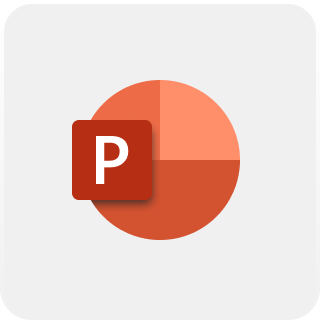 PowerPoint logo with grey background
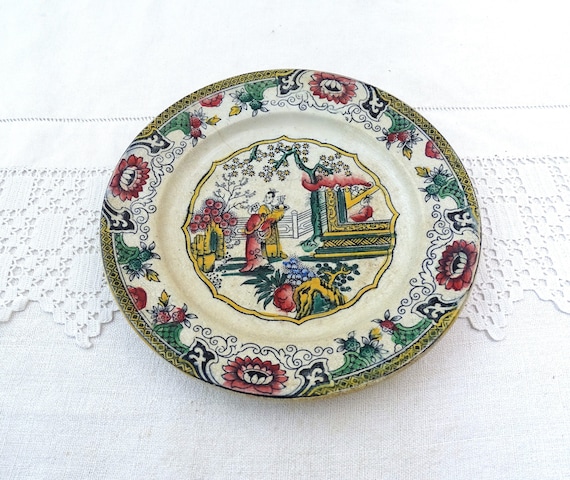 Small Antique French Pottery Colored Chinoiseries Plate, Vintage Side Plate with Chinese Inspired Pattern from France, Old Style Japonisme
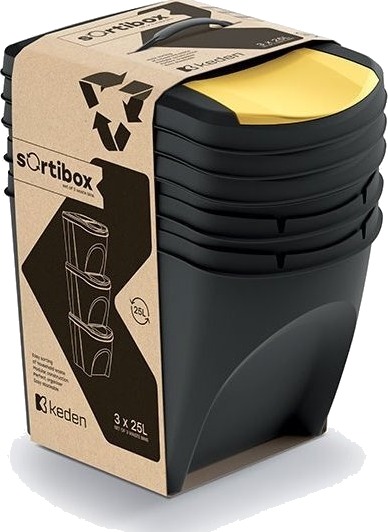 Keden Avfallsbeholder Sortibox 25L Sett 3 – Svart Resirkulering* Keden Avfallsbeholder Sortibox 25L Sett 3 – Svart Resirkulering*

- _WORK INSTRUCTIONS_:
Every line of the listing above is to be retyped exactly, but the pictures are to be dropped.

- _EXERCISE RESPONSE_:
 PowerPoint logo with grey background
 Small Antique French Pottery Colored Chinoiseries Plate, Vintage Side Plate with Chinese Inspired Pattern from France, Old Style Japonisme
 Keden Avfallsbeholder Sortibox 25L Sett 3 – Svart Resirkulering* Keden Avfallsbeholder Sortibox 25L Sett 3 – Svart Resirkulering*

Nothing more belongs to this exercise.